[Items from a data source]

┌──

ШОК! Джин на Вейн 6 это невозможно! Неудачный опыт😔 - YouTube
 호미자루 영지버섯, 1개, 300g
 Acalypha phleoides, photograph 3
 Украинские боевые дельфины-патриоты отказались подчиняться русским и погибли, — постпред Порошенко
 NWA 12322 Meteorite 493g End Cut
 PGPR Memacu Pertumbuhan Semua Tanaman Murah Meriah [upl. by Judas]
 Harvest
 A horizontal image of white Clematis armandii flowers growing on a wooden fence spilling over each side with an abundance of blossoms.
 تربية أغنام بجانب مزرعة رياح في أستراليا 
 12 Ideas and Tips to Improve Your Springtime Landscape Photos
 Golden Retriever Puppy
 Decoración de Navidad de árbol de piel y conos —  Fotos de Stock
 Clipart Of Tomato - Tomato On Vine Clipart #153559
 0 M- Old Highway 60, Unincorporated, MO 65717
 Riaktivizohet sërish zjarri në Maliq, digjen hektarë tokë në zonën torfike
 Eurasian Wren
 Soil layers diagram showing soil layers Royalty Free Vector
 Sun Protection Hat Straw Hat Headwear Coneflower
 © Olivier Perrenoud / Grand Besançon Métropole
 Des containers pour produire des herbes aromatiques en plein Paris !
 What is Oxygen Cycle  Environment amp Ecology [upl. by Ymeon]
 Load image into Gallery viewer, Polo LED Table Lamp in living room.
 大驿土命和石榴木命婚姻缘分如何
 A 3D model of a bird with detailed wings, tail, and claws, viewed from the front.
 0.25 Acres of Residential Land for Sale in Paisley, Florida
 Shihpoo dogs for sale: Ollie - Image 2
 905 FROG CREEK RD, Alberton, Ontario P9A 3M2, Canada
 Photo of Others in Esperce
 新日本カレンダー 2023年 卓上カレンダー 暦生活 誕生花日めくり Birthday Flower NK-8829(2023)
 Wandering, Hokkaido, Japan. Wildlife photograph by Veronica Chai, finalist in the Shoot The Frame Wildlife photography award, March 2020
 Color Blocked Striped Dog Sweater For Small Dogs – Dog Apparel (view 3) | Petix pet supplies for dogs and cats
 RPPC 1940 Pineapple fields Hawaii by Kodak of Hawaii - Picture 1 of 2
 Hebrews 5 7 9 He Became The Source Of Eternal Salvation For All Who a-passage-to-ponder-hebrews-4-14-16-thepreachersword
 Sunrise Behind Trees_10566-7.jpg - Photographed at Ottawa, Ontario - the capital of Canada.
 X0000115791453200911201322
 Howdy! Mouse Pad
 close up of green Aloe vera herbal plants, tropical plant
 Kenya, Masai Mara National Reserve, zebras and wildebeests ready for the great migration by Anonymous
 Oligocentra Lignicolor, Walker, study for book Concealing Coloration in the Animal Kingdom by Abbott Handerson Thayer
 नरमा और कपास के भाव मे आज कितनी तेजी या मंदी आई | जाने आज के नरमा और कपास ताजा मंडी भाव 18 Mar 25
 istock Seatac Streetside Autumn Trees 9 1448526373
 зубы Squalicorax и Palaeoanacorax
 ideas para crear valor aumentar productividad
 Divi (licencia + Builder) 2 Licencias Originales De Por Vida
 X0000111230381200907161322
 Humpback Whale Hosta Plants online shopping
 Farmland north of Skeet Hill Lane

└──

> _REQUIRED WORK_: In the entries above, please find the line with "RPPC 1940 Pineapple" and the line with "Howdy! Mouse Pad", then write out exactly those two lines and every line between them, and nothing more.

> _WRITTEN SOLUTION_:
 RPPC 1940 Pineapple fields Hawaii by Kodak of Hawaii - Picture 1 of 2
 Hebrews 5 7 9 He Became The Source Of Eternal Salvation For All Who a-passage-to-ponder-hebrews-4-14-16-thepreachersword
 Sunrise Behind Trees_10566-7.jpg - Photographed at Ottawa, Ontario - the capital of Canada.
 X0000115791453200911201322
 Howdy! Mouse Pad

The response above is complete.